Conclusions—After conversion from chronic AF to sinus rhythm in this canine model, electrical remodeling occurs rapidly. However, gross and ultrastructural anatomic changes persist, as does vulnerability to induced AF. Vulnerability to AF initiation 7 to 14 days after cardioversion is more dependent on persisting structural abnormalities than on electrophysiological abnormalities.

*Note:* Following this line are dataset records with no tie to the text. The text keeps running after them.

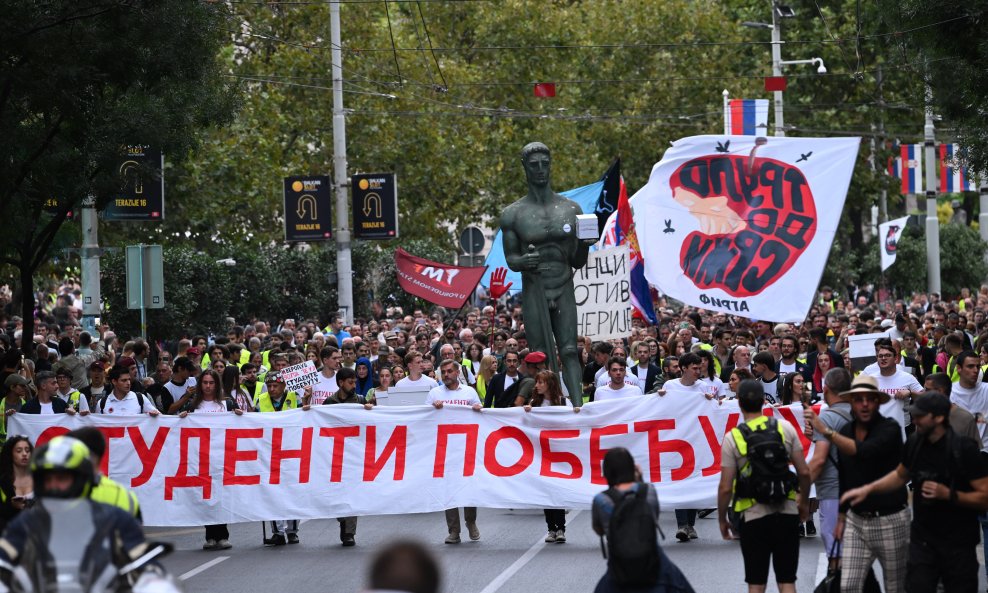 Beograd: Studentski pokret predaje Republičkoj izbornoj komisiji potpise za listu 'Studentska lista – Studenti pobjeđuju'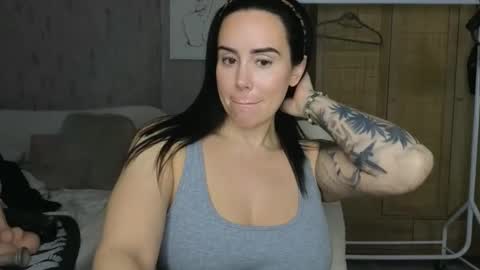 Libby online show from 11/23/25, 07:30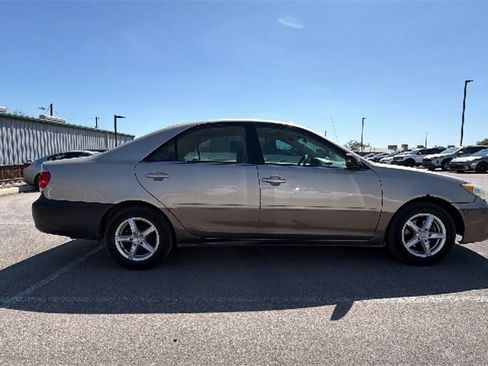 Used 2006 Toyota Camry LE image 4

Atrial fibrillation (AF) is a common disease that is characterized by multiple wavelets of reentry that are both functionally and anatomically determined.1 2 As AF persists, it often develops into chronic AF. Studies have shown that the atria undergo electrophysiological changes, or electrical remodeling, during AF, which promotes the continuation of AF. These changes include shortening of the AF cycle lengths (AFCLs) and shortening of the atrial effective refractory period (AERP).3 4 5 6 7 8 9 After restoration of sinus rhythm, recovery of atrial mechanical function is delayed depending on the duration of AF,10 and the vulnerability to AF persists, with the highest risk of AF recurrence occurring within the first week after cardioversion.11 12 13 14 After long periods of AF, it has been shown that the atrial tissue develops structural abnormalities, which can be observed on gross examination (evidenced by atrial enlargement) and histologically (on the ultrastructural level).4 15 It is not clear what role the persistent structural abnormalities seen after cardioversion play in the recovery of atrial function and in the spontaneous recurrence of AF. The purpose of the present study was to develop an animal model of chronic AF and to assess the relative contributions of electrical and morphological remodeling to AF propagation and vulnerability.

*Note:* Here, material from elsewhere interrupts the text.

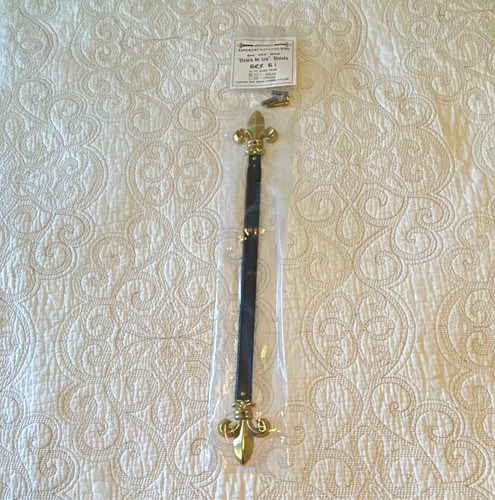 Expandable tapestry hanging - expandable,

Establishment of Chronic AF
Chronic AF was established with the combination of rapid atrial pacing and creation of moderate mitral regurgitation as previously described.16 Catheters were introduced into the left and right heart of female mongrel dogs via femoral venous and arterial sheaths. Baseline hemodynamic measurements were recorded. A 7F steerable catheter with a stiff 2-mm wire hook at its terminus was placed in the left ventricle and manipulated until mitral chordae tendineae were ensnared and then avulsed. This procedure was repeated until the mean wedge pressure increased 5 mm Hg with associated V waves on the wedge pressure tracing and there was an audible mitral regurgitation murmur. The catheters were removed, and the wounds were repaired.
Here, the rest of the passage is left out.